Enron’s bankruptcy in 2001 is an example of what happens when boards go wrong. The group was made up of 15 external directors with hundreds of years’ experience between them: they were highly qualified. Yet the company’s decisions showed poor judgement. 

In 2002, management professor Jeffrey Sonnenfeld examined seemingly ‘failed’ boards, including Enron. He concluded that board accountability was a “tricky problem for CEOs”. In a survey of CEOs at the time, he discovered that board members didn’t appreciate the complexity of the businesses they directed. He said: “We’ve all seen the instances when individual responsibility is dissolved in large groups. This certainly appears to have happened at Enron: practically everyone involved has pointed the finger of blame at others.” So, what can we learn? 

Rob Goffee, Emeritus Professor of Organisational Behaviour at London Business School, has extensive knowledge on what it takes to be an NED. He has assessed boards as an external facilitator in the UK for 20 years. The questions he asks about the performance of individual members are telling.

Do they bring a particular expertise or experience?
Do they listen?
Do they get to the heart of things?
Are they well prepared? Do they care? 

Board members should avoid overselling and under-delivering. They should also get to the point quickly: lengthy unfocused contributions result in other directors not listening and switching off. The underprepared – those who don’t read the papers and don’t know the numbers – get found out.  

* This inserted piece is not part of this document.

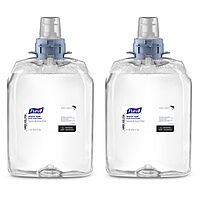 PURELL HEALTHY SOAP Fresh Scent Foam, 2000 mL Foam Hand Soap Refill for PURELL FMX-20 Manual Soap Dispenser (Pack of 2) – 5215-02 - Manufactured by GOJO, Inc. Fresh 67.65 Fl Oz (Pack of 2)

Professor Goffee’s view on what makes an attractive candidate, as well as a value-adding member once in position, include the following five characteristics. Members need to:

Be competent 

Directors are typically appointed for their experience or expertise, so they have an obligation to prove that their knowledge is well-matched to the board’s needs. “When board appointments are made, members are looking for a particular profile or expertise that’s not already covered. Candidates need an acute awareness of what they bring because, ultimately, the board is looking for someone to fit.

“Take a finance company, for example. Because the delivery of service is becoming more high-tech, a board might look for someone to fill that technical gap. If that’s you: you’d better be good at tech.” 

Past success doesn’t necessarily mean future success. Often the very traits that have opened the boardroom door, such as authority on a particular topic, are the traits that derail directorships. 

Put in the work

A new board member should work hard to understand all aspects of the business. Boards don’t want members who will only discuss operational issues in areas they understand.

“When you speak, make it count,” advises Professor Goffee. Valuable contributions take work. Some say directors should spend two days a month on board duties. Elsewhere 35 days each year is still not enough. However much time is invested, directors need a long-term view. They are people who “put in the work to benefit in-depth, strategic conversations”.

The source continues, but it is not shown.